- **Your instructions**:
Take from the material every line that contains the word "Piece".

═════ Task input

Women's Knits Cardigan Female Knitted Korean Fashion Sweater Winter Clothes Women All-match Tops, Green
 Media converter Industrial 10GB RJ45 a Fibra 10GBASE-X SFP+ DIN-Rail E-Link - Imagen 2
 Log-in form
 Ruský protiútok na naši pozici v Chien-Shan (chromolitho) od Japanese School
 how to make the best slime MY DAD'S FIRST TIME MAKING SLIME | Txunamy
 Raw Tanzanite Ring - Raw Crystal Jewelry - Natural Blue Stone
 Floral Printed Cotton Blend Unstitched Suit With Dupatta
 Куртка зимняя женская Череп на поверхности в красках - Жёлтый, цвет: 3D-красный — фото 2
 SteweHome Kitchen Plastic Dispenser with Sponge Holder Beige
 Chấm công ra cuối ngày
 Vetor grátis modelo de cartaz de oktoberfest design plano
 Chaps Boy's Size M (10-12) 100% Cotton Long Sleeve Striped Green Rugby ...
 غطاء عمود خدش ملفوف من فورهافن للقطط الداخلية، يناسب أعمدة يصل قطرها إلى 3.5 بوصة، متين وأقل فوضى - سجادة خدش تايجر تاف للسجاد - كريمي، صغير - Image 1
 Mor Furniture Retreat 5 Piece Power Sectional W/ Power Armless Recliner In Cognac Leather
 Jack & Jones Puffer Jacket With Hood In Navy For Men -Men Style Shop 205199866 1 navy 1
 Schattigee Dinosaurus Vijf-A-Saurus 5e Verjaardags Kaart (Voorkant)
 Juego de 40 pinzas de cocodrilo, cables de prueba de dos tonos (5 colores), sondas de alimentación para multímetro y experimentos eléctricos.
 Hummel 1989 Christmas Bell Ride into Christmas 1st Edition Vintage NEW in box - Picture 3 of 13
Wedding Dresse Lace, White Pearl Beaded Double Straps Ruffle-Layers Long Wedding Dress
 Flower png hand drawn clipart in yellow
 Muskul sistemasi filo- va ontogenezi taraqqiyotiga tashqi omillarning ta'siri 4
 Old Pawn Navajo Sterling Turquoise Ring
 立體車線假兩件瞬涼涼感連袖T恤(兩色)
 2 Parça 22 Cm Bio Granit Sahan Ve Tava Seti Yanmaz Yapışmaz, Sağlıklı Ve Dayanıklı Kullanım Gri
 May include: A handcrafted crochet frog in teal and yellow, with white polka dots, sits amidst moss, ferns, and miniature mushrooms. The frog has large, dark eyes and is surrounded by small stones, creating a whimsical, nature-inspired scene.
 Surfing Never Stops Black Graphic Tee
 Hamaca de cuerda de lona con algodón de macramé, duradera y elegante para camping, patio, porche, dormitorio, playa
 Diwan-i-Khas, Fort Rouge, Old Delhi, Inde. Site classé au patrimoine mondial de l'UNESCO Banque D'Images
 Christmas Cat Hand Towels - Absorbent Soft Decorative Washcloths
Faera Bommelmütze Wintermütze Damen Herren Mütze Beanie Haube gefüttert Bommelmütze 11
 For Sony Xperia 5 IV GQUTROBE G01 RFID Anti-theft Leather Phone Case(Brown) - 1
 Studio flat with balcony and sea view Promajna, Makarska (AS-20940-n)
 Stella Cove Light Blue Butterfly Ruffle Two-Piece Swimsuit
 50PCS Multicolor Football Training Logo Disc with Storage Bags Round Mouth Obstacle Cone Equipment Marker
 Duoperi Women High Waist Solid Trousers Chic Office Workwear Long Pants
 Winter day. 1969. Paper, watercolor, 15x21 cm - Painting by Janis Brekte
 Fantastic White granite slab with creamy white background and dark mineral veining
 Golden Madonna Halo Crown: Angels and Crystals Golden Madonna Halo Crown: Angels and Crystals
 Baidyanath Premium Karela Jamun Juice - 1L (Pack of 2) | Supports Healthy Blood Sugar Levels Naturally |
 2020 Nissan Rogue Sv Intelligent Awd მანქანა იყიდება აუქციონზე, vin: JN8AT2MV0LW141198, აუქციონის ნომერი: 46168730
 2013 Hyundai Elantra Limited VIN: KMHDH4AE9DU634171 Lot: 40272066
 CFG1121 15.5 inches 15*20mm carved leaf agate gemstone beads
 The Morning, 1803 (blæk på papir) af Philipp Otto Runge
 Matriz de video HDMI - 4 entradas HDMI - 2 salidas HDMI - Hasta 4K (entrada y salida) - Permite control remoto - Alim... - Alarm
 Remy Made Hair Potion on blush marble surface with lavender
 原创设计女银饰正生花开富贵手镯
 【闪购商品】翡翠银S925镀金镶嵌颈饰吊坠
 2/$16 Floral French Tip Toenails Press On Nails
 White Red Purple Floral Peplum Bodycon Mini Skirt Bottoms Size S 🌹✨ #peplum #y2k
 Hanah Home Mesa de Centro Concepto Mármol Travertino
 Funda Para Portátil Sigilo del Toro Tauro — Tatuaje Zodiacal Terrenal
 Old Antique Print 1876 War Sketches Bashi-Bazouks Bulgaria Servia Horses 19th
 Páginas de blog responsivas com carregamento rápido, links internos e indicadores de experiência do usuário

══════════

- **Task answer**:
 Mor Furniture Retreat 5 Piece Power Sectional W/ Power Armless Recliner In Cognac Leather
 Stella Cove Light Blue Butterfly Ruffle Two-Piece Swimsuit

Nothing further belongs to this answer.